Ahead of Multi-award winning Kill The Beast’s (no doubt) triumphant return to the Lowry with the deliciously dark and brilliantly balmy Don’t Wake The Damp, we spoke to Natasha Hodgson, 1 fifth of the team and all round comedy genius, about competitive pumpkin carving, comedic inspirations and the sheer terror of the Silent Singer.

–          Your return to The Lowry around Halloween seems perfect timing for the show, are you a fan of Halloween? If so how will you be marking the occasion?

I’ve always been a massive Halloween fan – it’s essentially an international competition to see who can look the stupidest and who can eat the most teeth-meltingly terrible sweets. There’s nothing not to love about it. Pumpkin carving is probably on the cards this year – Lidl do an absolutely barnstorming deal on pumpkins, and I get very competitive about creating a pleasing design. I’ll probably do a couple of practice pumpkins, just so that when I get to Pumpkin 2.0, I don’t embarrass myself. Or Lidl.

–          How did your partnership with The Lowry come about?

We first approached The Lowry back in ye olde 2011, with a small, horrible children’s book called The Boy Who Kicked Pigs. We explained that we wanted to adapt it, as it ended with a small boy being impaled by spikes and then getting eaten to death by rats. Naturally, they had to have it. They offered us a position on their amazing ‘Developed With’ programme, and the rest, as they say, is getting eaten to death by rats.
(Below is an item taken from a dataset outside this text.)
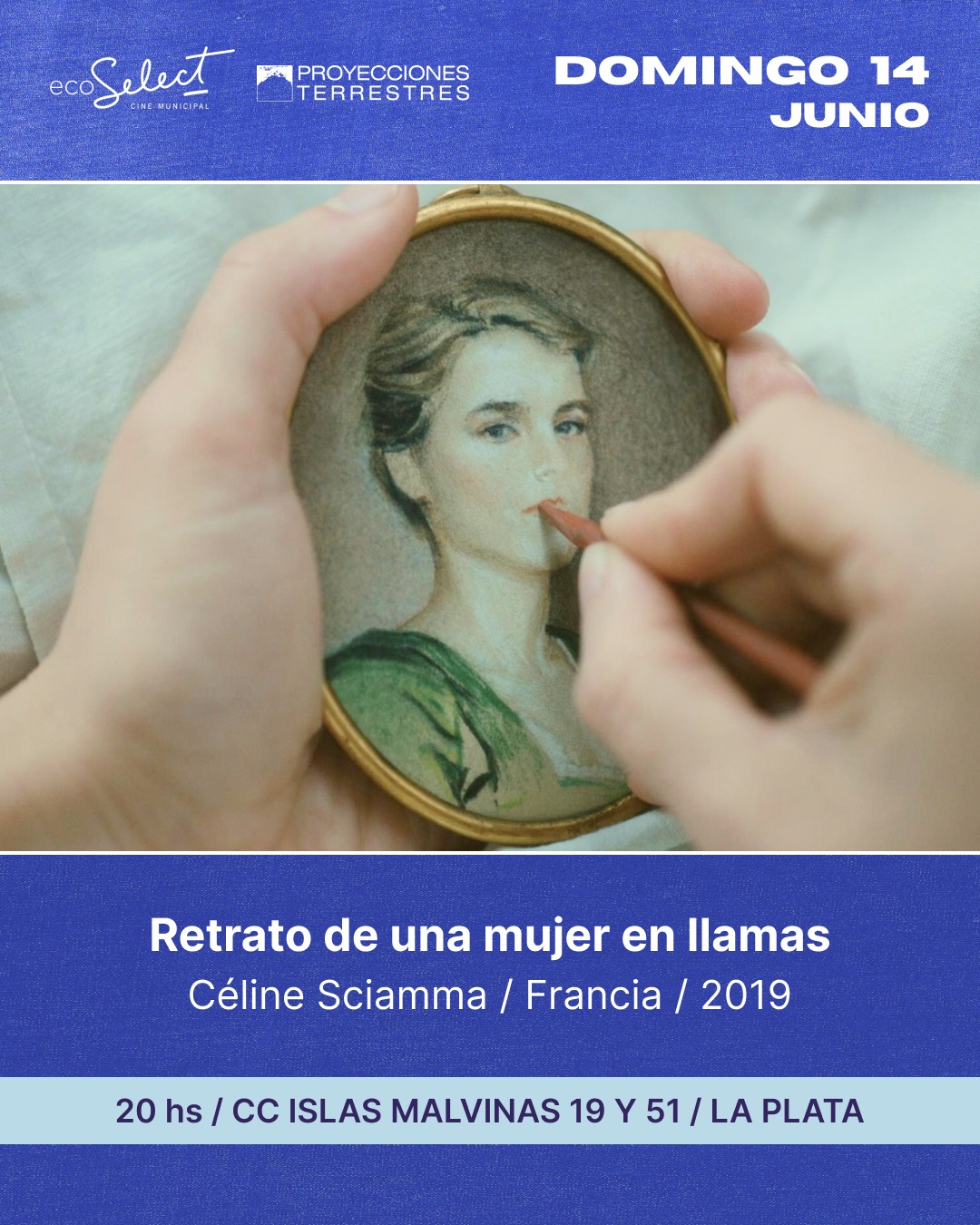 Retrato de una mujer en llamas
–          As well established performers at the Fringe how did you find the transition to performing in theatres?

Actually our first ever performance as a group was on The Lowry theatre stage – so we’ve been very spoilt from the off! It’s ruined us, really. The strangest place we’ve ever performed was probably underneath a railway tunnel – you had to try and time your lines so that they didn’t get drowned out by the (extremely) regular trains overhead. It really added an interesting atmosphere (the atmosphere being that of many, many trains). 

kill

–          You’re sometimes labelled as one of the darker comedy collections, who would you say were your key influences?

All five of us grew up adoring dark comedy, and it probably still makes up about 95% of our conversation (the other 5% is The Apprentice, which thinking about it is just another type of dark comedy) – we grew up devouring The League Of Gentlemen, Garth Merenghi’s Darkplace, Nighty Night, The Mighty Boosh, I Am Not An Animal, Monkey Dust, The Office – all wonderful food for our dreadful little souls. The films of people like Ben Wheatley, Alice Lowe and Richard Ayoade are also massive inspirations – long may they reign.
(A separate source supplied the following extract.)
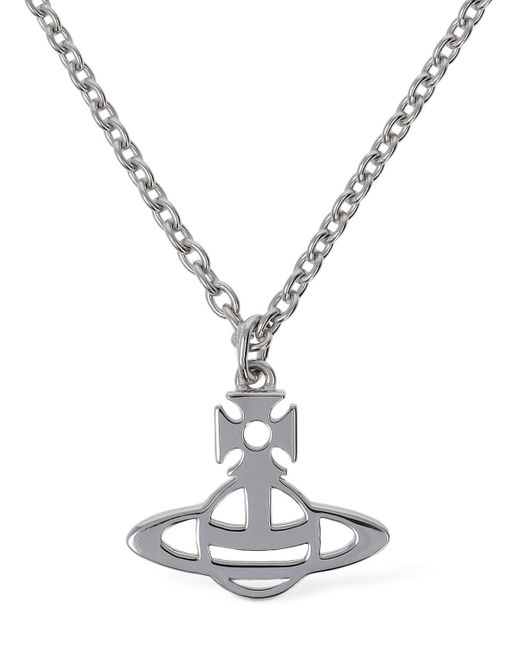 Vivienne Westwood Metallic Man Lucy Pendant Necklace for men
–          As huge fans of The League of Gentleman and Psychoville, your work is right up our street, if you could beam any comedy character into your work which would you chose?

For me, personally, it would be the Silent Singer from Pyschoville – never has a character with absolutely no lines filled me with both pure terror and pure joy. You wouldn’t even need to do anything else to the scene. Just a couple of people having a normal conversation about trams or gout or chess or something, whilst in the background, Silent Singer writhes. What a creation. What dreadful people they are.

–          Following on from this, would you ever consider inviting guest performers? If so who would be your dream person to work with?

We’re far too insecure to allow anyone else on-stage with us. Please don’t try. If I absolutely had to, I’d say probably Julia Davis, creator of Nighty Night and Hunderby, among other things. She has a dark, genius brain and I would take any opportunity to see it up close.

dontwakethedamp4-killthebeast-photocredit_andrew-ab

–          Do you write collectively as a group?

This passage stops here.